Sem contar que, do ponto de vista do negócio, essa janela para os curtas também vai propiciar que vocês possam garimpar talentos para as produções próprias …
Claro, totalmente. Esse é um dos focos. Poder entregar projetos a novos realizadores, bancando isso. Não há dúvida de que isso vai acontecer. O curta será muito importante para a base sólida da criação da comunidade Filme Filme. Queremos fazer várias ações fora do ambiente digital: mostra de curtas, mostra de filmes asiáticos, mostras de outros países, enfim, juntar os players para conversar e criar coisas novas.

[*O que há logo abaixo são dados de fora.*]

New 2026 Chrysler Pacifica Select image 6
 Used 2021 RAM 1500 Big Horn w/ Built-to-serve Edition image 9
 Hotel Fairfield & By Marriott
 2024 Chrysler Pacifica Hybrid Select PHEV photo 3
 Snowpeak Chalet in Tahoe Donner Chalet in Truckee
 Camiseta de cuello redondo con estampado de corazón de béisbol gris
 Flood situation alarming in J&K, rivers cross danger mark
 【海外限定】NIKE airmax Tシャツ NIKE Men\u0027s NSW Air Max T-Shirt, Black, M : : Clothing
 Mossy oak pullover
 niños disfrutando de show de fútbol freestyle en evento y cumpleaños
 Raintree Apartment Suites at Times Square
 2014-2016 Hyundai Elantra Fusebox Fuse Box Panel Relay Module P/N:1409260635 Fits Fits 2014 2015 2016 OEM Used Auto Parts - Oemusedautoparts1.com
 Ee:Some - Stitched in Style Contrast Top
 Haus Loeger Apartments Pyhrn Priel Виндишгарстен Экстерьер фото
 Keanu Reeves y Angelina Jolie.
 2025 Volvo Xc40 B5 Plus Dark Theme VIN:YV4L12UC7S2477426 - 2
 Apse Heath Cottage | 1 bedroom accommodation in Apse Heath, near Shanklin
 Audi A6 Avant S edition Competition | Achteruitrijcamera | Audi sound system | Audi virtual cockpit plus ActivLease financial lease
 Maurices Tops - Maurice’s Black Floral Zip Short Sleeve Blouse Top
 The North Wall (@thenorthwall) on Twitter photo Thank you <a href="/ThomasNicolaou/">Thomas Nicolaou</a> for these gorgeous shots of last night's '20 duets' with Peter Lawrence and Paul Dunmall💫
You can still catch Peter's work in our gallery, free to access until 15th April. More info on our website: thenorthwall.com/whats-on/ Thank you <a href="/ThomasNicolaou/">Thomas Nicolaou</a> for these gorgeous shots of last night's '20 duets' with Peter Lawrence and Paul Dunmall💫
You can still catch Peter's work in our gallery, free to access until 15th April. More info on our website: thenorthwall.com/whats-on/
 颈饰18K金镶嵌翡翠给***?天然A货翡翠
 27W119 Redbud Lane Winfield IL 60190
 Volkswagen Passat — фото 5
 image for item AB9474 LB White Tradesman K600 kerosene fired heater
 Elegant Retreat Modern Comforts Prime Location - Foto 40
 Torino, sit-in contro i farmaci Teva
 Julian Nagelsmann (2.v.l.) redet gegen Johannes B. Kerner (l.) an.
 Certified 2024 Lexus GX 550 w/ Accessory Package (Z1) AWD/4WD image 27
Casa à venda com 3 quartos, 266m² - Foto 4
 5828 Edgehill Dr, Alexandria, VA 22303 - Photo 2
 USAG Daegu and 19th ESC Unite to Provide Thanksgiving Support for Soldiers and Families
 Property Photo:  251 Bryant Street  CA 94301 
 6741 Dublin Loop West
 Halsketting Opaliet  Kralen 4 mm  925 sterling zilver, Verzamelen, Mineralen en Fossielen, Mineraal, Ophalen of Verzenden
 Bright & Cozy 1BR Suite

Você acha que é imprescindível rever os modelos legais, inclusive quanto ao fomento estatal, para considerar o streaming a primeira janela do filme, vide essa falta de espaço na sala?
Estamos nesse debate, botando pressão na Ancine, cujo primeiro resultado foi considerar o drive-in como a primeira janela. Se o Brasil não tem salas suficientes para abrigar essa produção, se a Ancine não resolve esse problema do parque exibidor, não é possível bloquear lançamentos, paralisar projetos. Estamos num momento sem cinemas abertos há quatro meses. E aí, vamos parar de exibir? Não me parece fazer sentido. Acho que vai haver uma mudança significativa nesse ramo de streaming.
Se você tivesse de convencer o espectador, em poucas palavras, a se juntar à nova Filme Filme, quais argumentos utilizaria?
Assinar a nova Filme Filme é importante para você fazer parte de uma comunidade de cinema, na qual sua presença será respeitada e muito valorizada. Lá você vai achar filmes incríveis e talvez aprender com eles. Você vai escolher rapidamente e, garanto, ter uma experiência excelente. Lá, você participará de uma trajetória nova sobre assistir a filmes em streaming. Para nós é essencial caminhar junto com nosso usuário, aprender com ele, e poder criar sempre uma experiência prazerosa. Queremos que todos sejam felizes na Filme Filme.